Would it even exist anymore or would it poof into thin air?
I’m having a vicarious existential crisis here and this isn’t even my religion.
☑ Four: All the Christianese.
Almost every single sentence in this not-pology is a textbook example of the impenetrable cloud of jargon that Christians use around each other.
And the person who wrote it is using it that way for a reason.
As we discussed recently, Christians use this coded language for a number of reasons. It usually signals membership in the tribe or tries to send a coded message that outsiders aren’t supposed (or intended) to understand.
“Profound,” for example, is a word used to convey admiration for Jesus-y things. The Bible is called profound, as is Jesus’ supposed love for his pet humans. Sunsets, cherry ice cream, basic operations of mathematics, and other earthly delights do not get called profound. Use of this word is supposed to get Christians in the right frame of mind. Here, the person using this word is telling her tribe that her grieving is on the level of Psalms 23 and the meaning of the Crucifixion. It’s profound.
“Grieved,” for that matter, is a fundagelical word for really Jesus-flavored sorrow or anger. It is only used in situations where the otherwise off-limits emotion would totally be Jesus-approved. When you’re angry about getting the wrong topping on a hamburger or upset that you didn’t get a job you had applied for, that’s not grieving. Instead, Christians get grieved about borshuns and the gay agenda. So yes, she’s sad, but she’s sad about this whole TGC scandal like Jesus would be sad about all the zillions of people he’s quite deliberately condemned to Hell by being so coy about himself–if he existed and actually gave a shit about anybody.

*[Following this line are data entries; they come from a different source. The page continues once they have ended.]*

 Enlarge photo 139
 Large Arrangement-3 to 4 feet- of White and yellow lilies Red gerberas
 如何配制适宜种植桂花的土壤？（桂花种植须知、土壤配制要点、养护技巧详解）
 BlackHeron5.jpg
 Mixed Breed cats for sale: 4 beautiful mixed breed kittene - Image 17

The word “covet,” of course, is an extra-Jesus-y way to say “want.” Normally coveting is really off-limits; indeed, most of us only ever hear the word in relation to the Ten Commandments, as in “Thou shalt not covet thy neighbor’s property (like his wife, since the Christian god totally thinks that women are men’s property**).” But for some weird reason fundagelicals have revived the term and now use it to indicate wanting something they imagine that Jesus really wants–notably prayers. If a Christian says he or she “covets” something, that’s almost always an indication that the coveted thing is extra-important and would further some Christian goal either on a personal or group level.

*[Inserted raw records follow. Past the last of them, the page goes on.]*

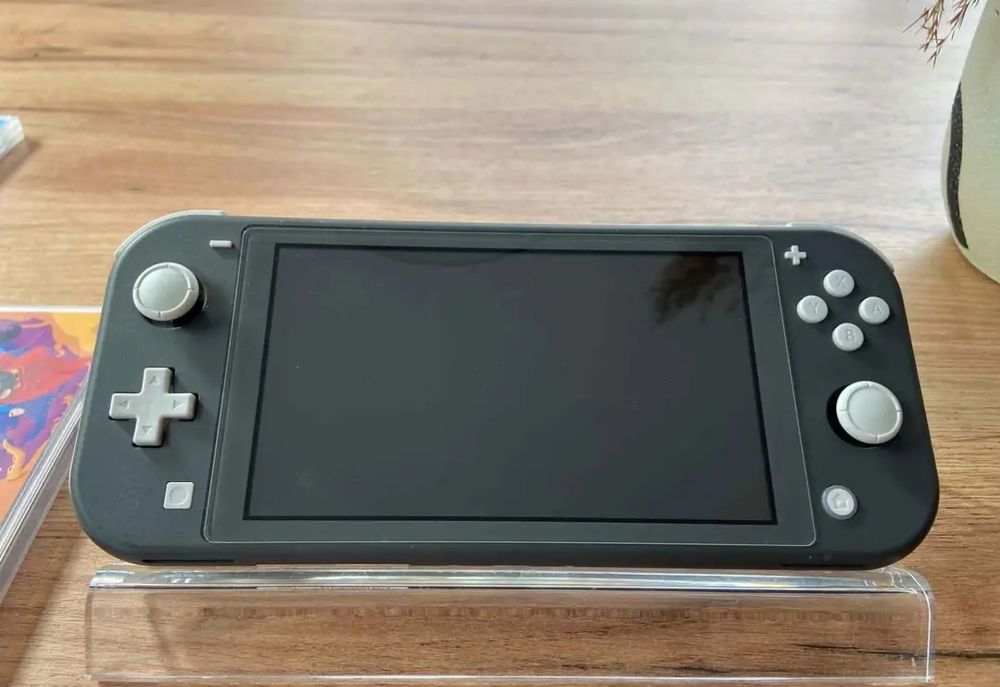 Nintendo switch little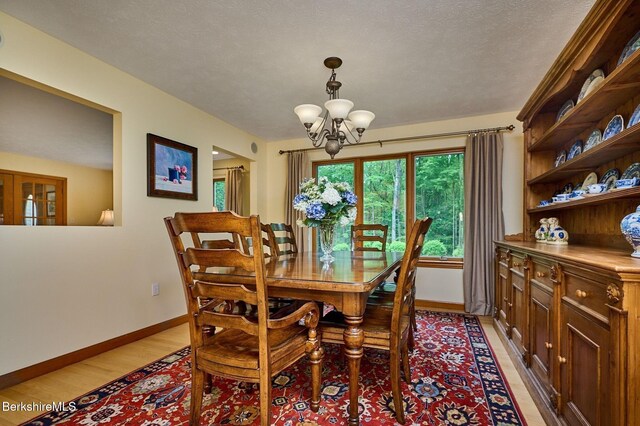 96 Petticoat Hill Rd, Williamsburg, MA 01096 - photo 13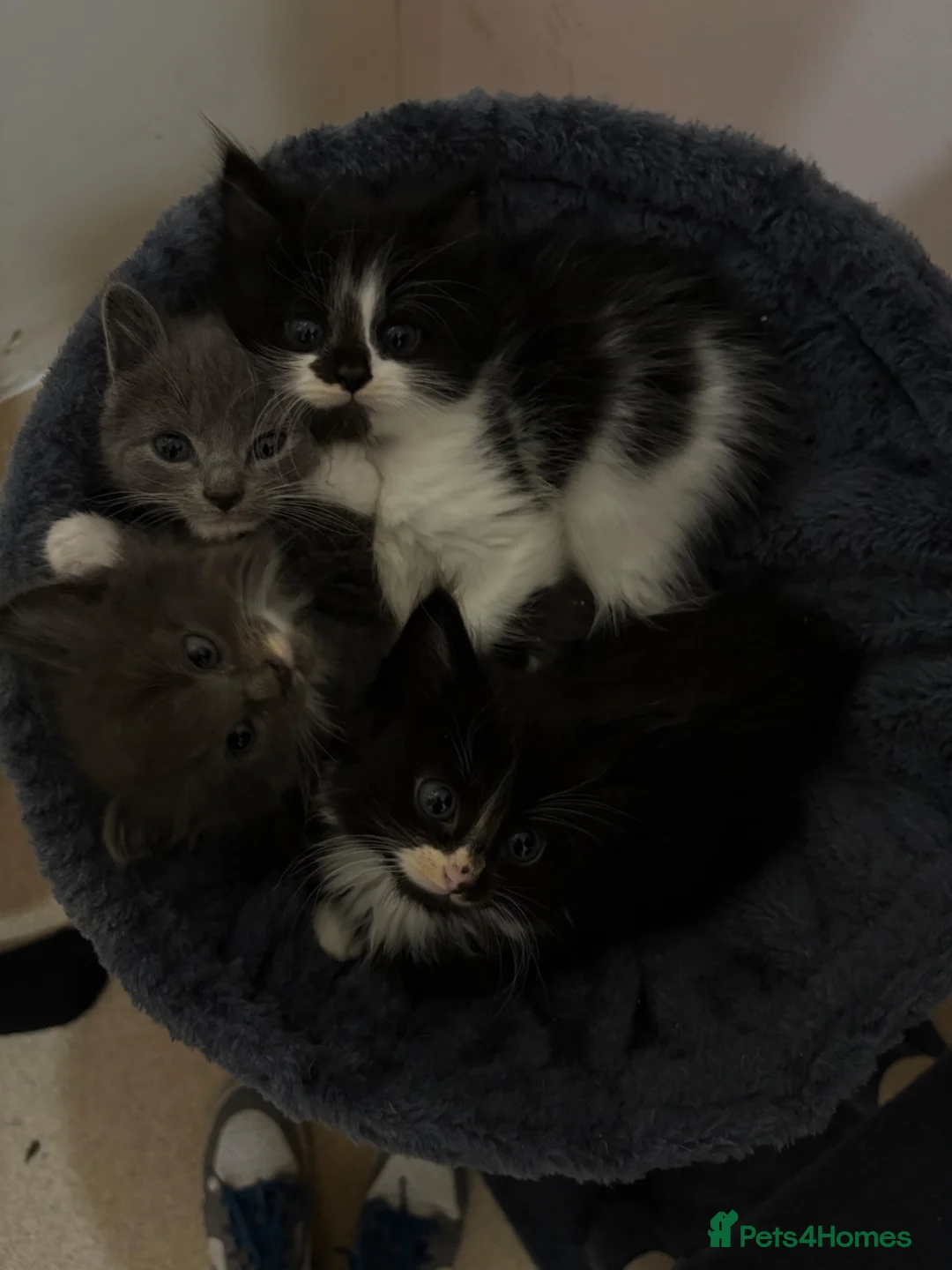 Mixed Breed cats for sale: Kittens  - Advert 1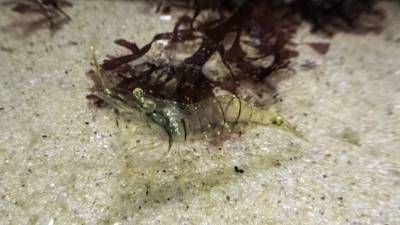В лондонском аквариуме обнаружили неизвестных науке креветок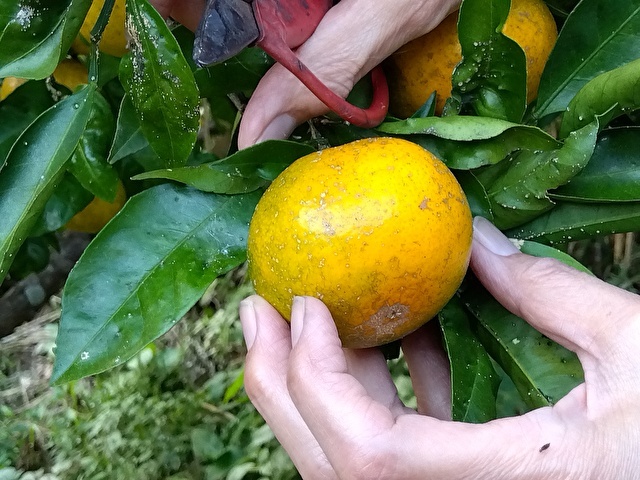 早生わせみかん 2kg 農薬 肥料 除草剤不使用 朝採り即日発送 田口温州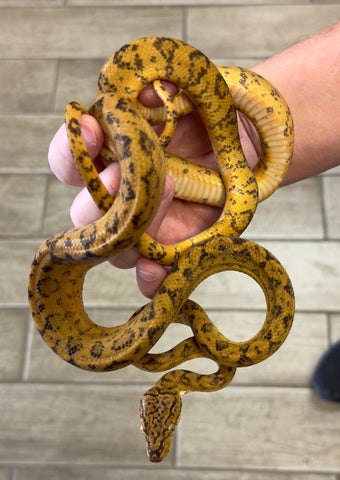 Yellow Jaguar Amazon Tree Boa Juvenile Female (ATBJJ4)
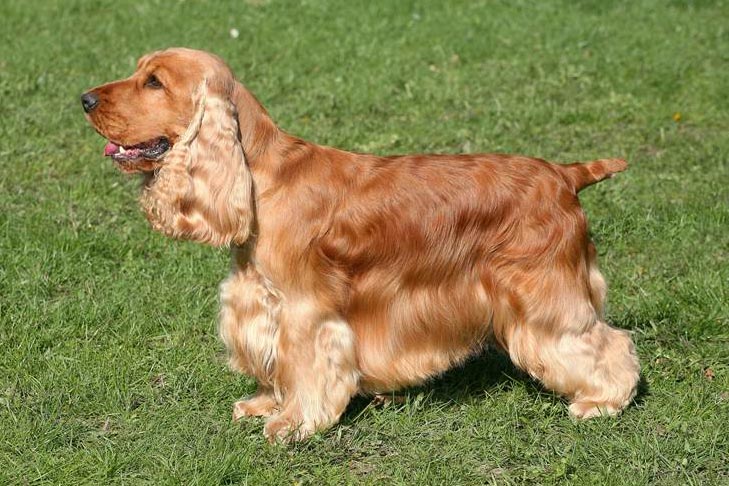 Cocker spaniel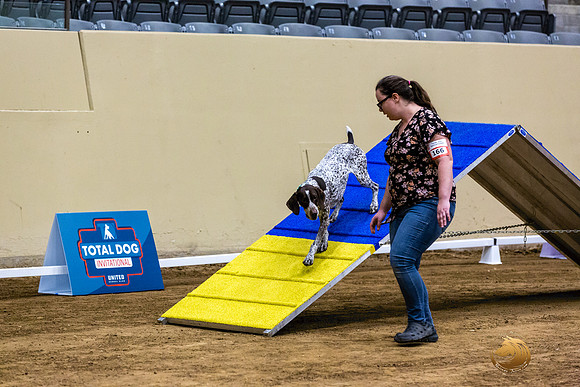 German Shorthaired Pointer #166 Fri 1-JJL_7322_UKCTDI2023-HR3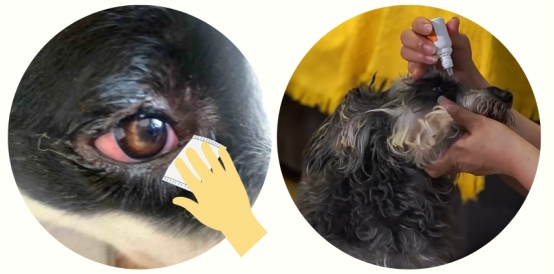狗狗眼睛发红有眼屎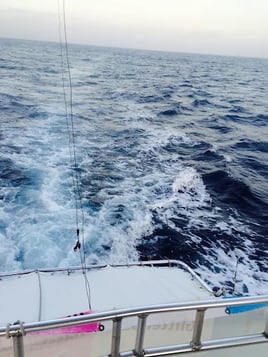 Offshore Sportfishing Experience 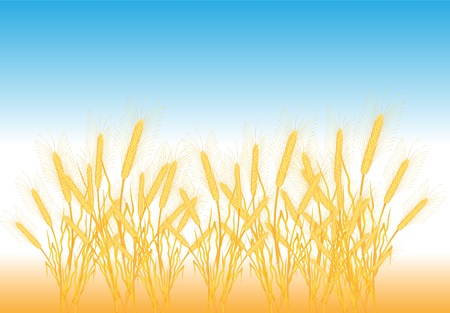 Ripe yellow wheat ears on a field - vectorのイラスト素材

Finally, she asks her peers to pray for her. There’s an insidious undercurrent to this last bit. She’s reminding other Christians that when all is said and done, one of their tribe’s rules specifically covers forgiving all past offenses. Christians may joke about “shooting their wounded,” a phrase particularly relished by Christians who are themselves guilty of rampant hypocrisy, but this command to forgive is a powerful one to invoke. I don’t think for a moment that the invocation was done by accident.

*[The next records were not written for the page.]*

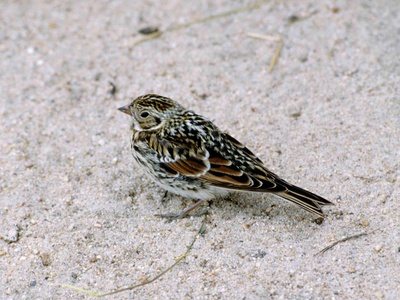 Lapland Longspur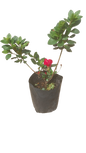 Azalea Claude Goyet (Dbl Red) 5L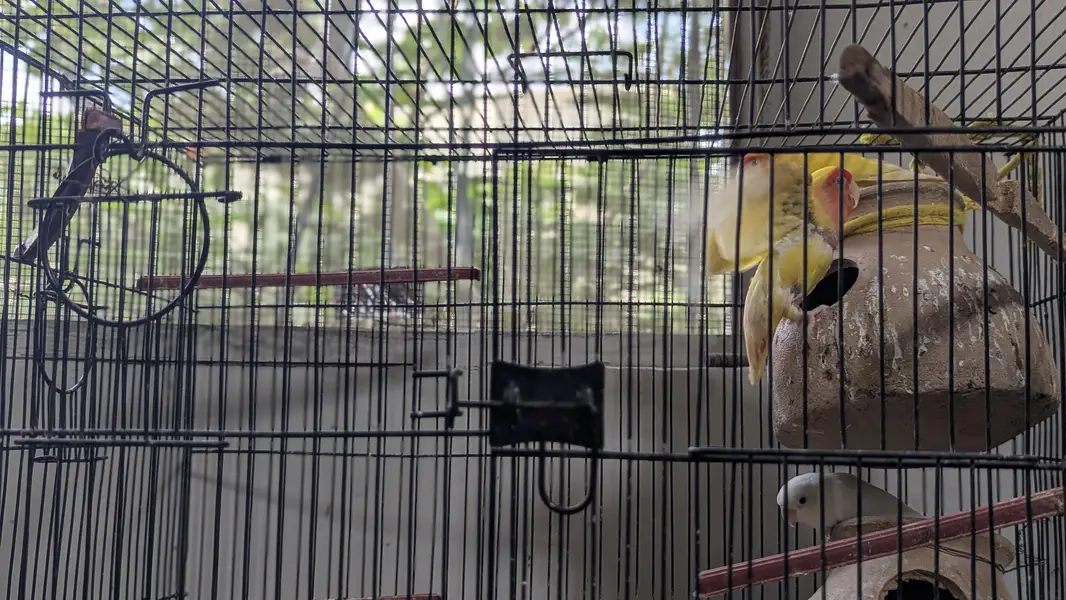 Lutino Rosy-faced/Peach-faced Lovebirds Or Albino Red-Eyed Lovebirds. — photo 5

In summary, Gaye Clark’s tweet is carrying a coded message that fundagelicals will not fail to hear:
“I’m one of you! I’m totally one of you! And our giant invisible friend says I’m back in his good graces. Stop talking about this now.“
And many of her tribe heard her loud and clear.
Next time, we’ll touch on the reaction itself–see you then!
* On that note, I suppose the title probably reads better as “the TGC’s Scandal,” but after the last sub-comment-thread about redundant phrases, I couldn’t bring myself to do it.
** Isn’t that a strikingly odd thing for a moral, enlightened Being of infinite wisdom and knowledge to think?